Mezz’ora dopo, i fuggiaschi abbandonavano la folta pineta, ridiscendendo sulla via che doveva condurli verso le sponde meridionali del Baikal.

L’oscurità era diventata profonda, essendosi il cielo coperto di densi nuvoloni gravidi di neve, che salivano dal lago ed il freddo era acutissimo in causa del vento che soffiava dal nord, il quale produce sempre dei bruschi abbassamenti di temperatura, dei salti di quindici e talvolta di venti e più gradi.

I cavalli, vigorosamente sferzati e sorretti dai loro ferri da ghiaccio, galoppavano rapidamente sulla nevosa via, sollevando turbini di nevischio, i quali investivano i viaggiatori avvolgendoli in una specie di nuvola che aveva, alla luce dei fanali della troika, degli strani scintillii. Tutta la notte corsero in tal guisa, non accordando ai cavalli che dei brevissimi riposi.

Verso le cinque del mattino erano già giunti in prossimità del lago e già si disponevano ad abbandonare la via fino allora percorsa, quando scorsero un drappello di cosacchi il quale aveva, allora allora, attraversato di gran galoppo il Baikal.

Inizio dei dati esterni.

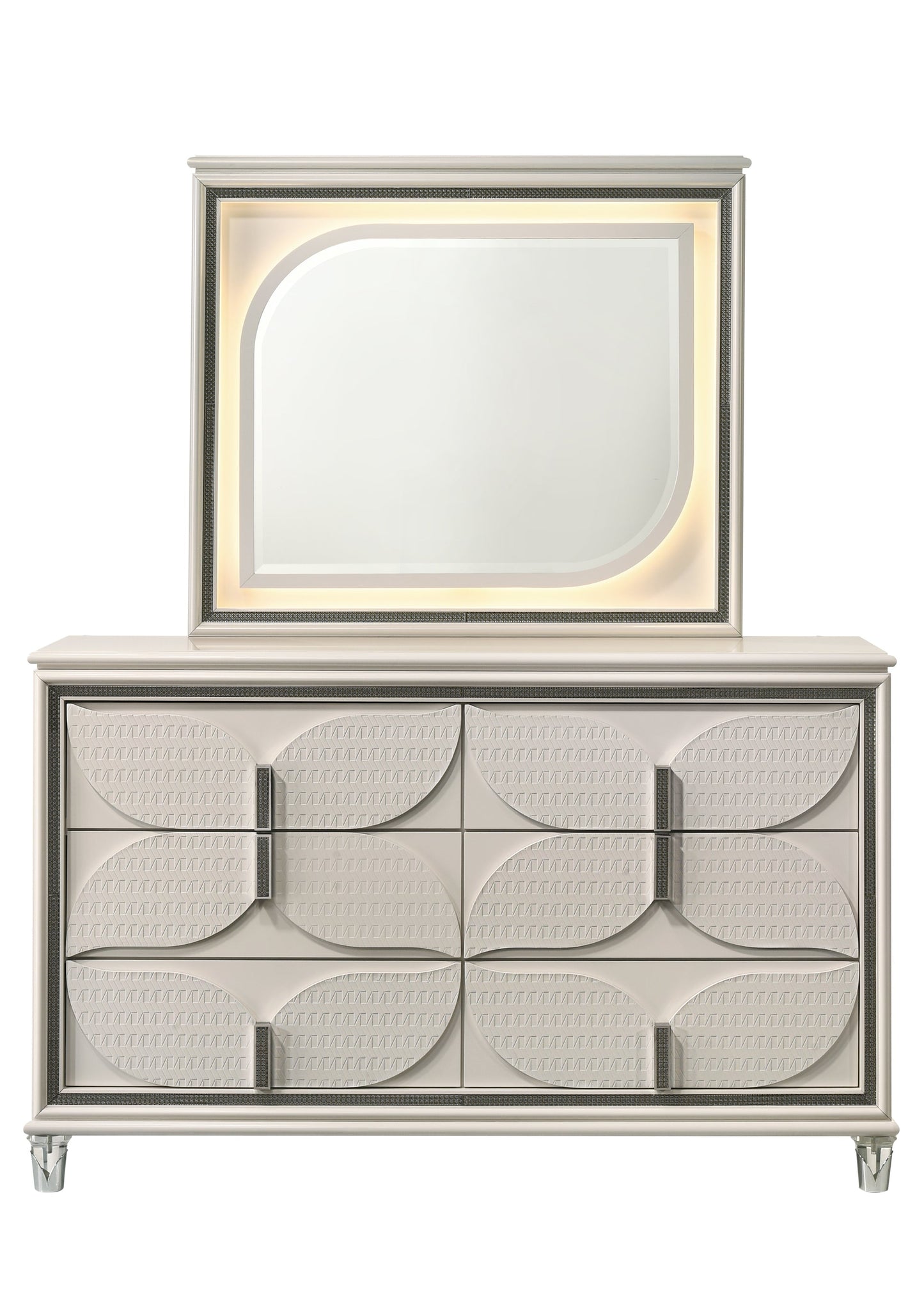 Hayma Mysterious Gold Finish Bedroom Set B6800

– Alt! – gridò l’ingegnere. – I cosacchi!...

La slitta e la troika s’arrestarono di colpo.

– Dove si dirigono? – chiese il colonnello, con trepidazione.

– Ci tagliano la strada, – disse Iwan, che era salito sul sedile per meglio vederli.

– Che cerchino noi? – chiese Maria.

– È possibile, – rispose il colonnello. – Il governatore avrà spedito parecchi drappelli verso le coste meridionali, per impedirci di raggiungere la frontiera per la strada di Chaia-Mürinsck. A quest’ora deve avere appreso la nostra fuga.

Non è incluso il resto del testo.